ACTIVITY:
Starting at the top of the entries below, write out each line up to and including the one containing "фото отеля America's". Leave the pictures out.

• • • • •

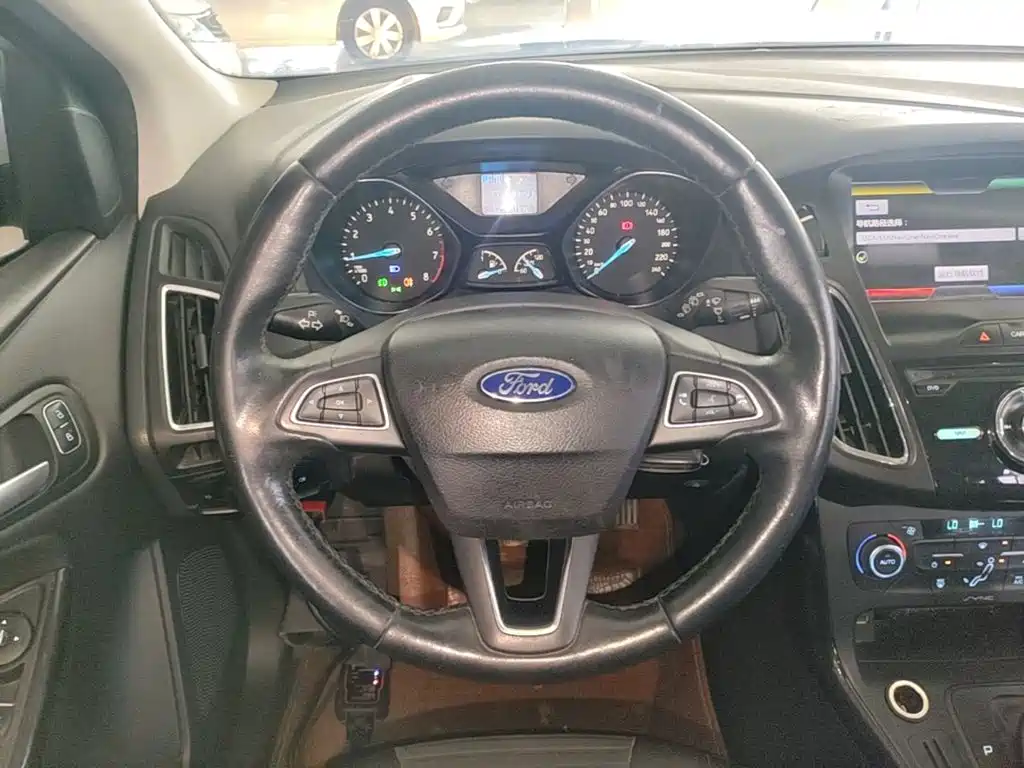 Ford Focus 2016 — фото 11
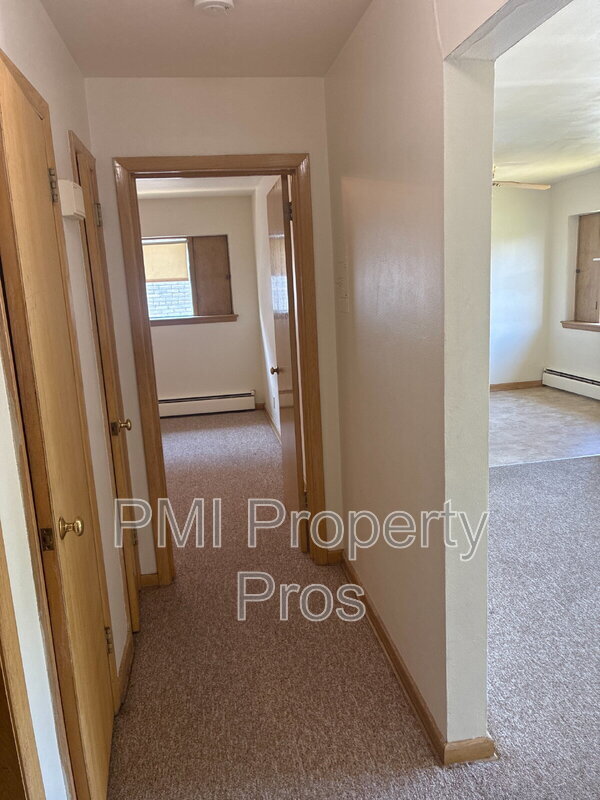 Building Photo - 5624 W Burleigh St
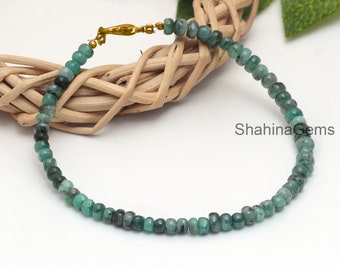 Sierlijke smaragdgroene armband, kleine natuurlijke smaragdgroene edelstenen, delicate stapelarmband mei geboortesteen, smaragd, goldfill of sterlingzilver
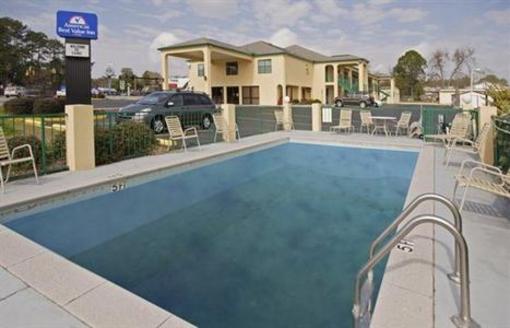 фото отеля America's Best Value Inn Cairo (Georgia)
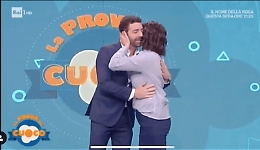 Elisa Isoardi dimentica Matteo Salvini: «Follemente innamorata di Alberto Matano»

• • • • •

REPLY TO THE EXERCISE:
 Ford Focus 2016 — фото 11
 Building Photo - 5624 W Burleigh St
 Sierlijke smaragdgroene armband, kleine natuurlijke smaragdgroene edelstenen, delicate stapelarmband mei geboortesteen, smaragd, goldfill of sterlingzilver
 фото отеля America's Best Value Inn Cairo (Georgia)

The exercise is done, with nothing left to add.